Enterprise messaging software developed by Google

Google Chat is a communication service developed by Google. Initially designed for teams and business environments, it has since been made available for general consumers. It provides direct messaging, group conversations, and spaces, which allow users to create and assign tasks and share files in a central place in addition to chatting. It is a component of Google Workspace. It can be accessed through its own website and app or through the Gmail website and app.

It was first launched as Hangouts Chat on March 9, 2017, as one of the two apps to constitute the replacement for Google Hangouts, the other being Google Meet. It was renamed to Google Chat on April 9, 2020. It was initially only available for the Google Workspace software suite, but in February 2021 Google began rolling out Google Chat in "early access" to regular consumer accounts until it became fully available in April 2021. Google deprecated the original Hangouts and replaced it with Chat on November 1, 2022.

==History==
Google Chat was first launched as Hangouts Chat on March 9, 2017, for Google Workspace (called G Suite until October 2020) customers only as a replacement for Google Hangouts. All G Suite packages had identical features except for a lack of Vault data retention in the Basic package.

On April 9, 2020, Google rebranded Hangouts Chat to Google Chat. Following this rebranding, and along with a similar change for Hangouts Meet, the Hangouts brand was removed from Google Workspace.

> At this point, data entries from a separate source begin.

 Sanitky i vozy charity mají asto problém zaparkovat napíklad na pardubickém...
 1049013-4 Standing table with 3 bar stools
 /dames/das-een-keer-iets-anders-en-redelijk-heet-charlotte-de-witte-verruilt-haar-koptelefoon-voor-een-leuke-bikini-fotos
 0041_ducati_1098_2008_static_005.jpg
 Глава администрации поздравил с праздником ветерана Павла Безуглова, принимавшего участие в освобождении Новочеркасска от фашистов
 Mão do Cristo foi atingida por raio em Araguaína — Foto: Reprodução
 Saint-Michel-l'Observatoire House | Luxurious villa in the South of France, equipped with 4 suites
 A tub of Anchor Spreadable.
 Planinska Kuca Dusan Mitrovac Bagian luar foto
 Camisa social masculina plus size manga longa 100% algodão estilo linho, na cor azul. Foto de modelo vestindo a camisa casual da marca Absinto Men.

=== Migration from Hangouts ===
Google first announced their plan to begin retiring Google Hangouts in October 2019. In October 2020, Google announced that it would open Google Chat up to consumers in 2021. Google also announced that Hangouts conversations, contacts, and history would be migrated over to Google Chat.

Google Chat began to roll out to consumer accounts in "early access" in February 2021, but at the time Google stated that Hangouts would remain a consumer-level product for people using standard Google accounts. By April 2021, Google Chat became fully available for free as an "early access" service, for users who choose to use it instead of Hangouts.

In August 2021, Google started automatically signing out Google Hangouts users on iOS and Android and notifying them to switch to Google Chat.

Google planned to deprecate Google Hangouts and replace it with Google Chat in early 2022. In February 2022, Google announced plans to begin the final migration of all Google Workspace customers from Google Hangouts to Google Chat, which was scheduled to be finalized in May 2022. In September 2022, Google announced all Hangouts data would be deleted by January 1, 2023.

=== Redesign ===

The updated UI of the Google Chat app for Android

In December 2023, Google began to roll out a version of Google Chat with a redesigned sidebar and updated the logo. These changes made Google Chat more productive and integrated artificial intelligence into the service.

=== Logo History ===

| 1st Chat Icon (2017 - 2020) | 2nd Chat Logo (2020-2023) |
| 3rd Chat Logo (2023 - 2026) | Fourth and Current Chat Logo (2026-present) |

== Features ==

A screenshot of a Google Chat conversation

Google Chat is divided into two sections, chat and spaces. The Chat section contains direct conversations with other people and group conversations. In addition to be able to access Google Chat from its website and app, Google Chat can also be accessed through its integration with the Gmail website and app.

In May 2022, Google announced that Chat would display banners warning users against potential phishing and malware attacks coming from personal accounts. This development for Google Chat was the latest attempt to prevent phishing and security breaches for users.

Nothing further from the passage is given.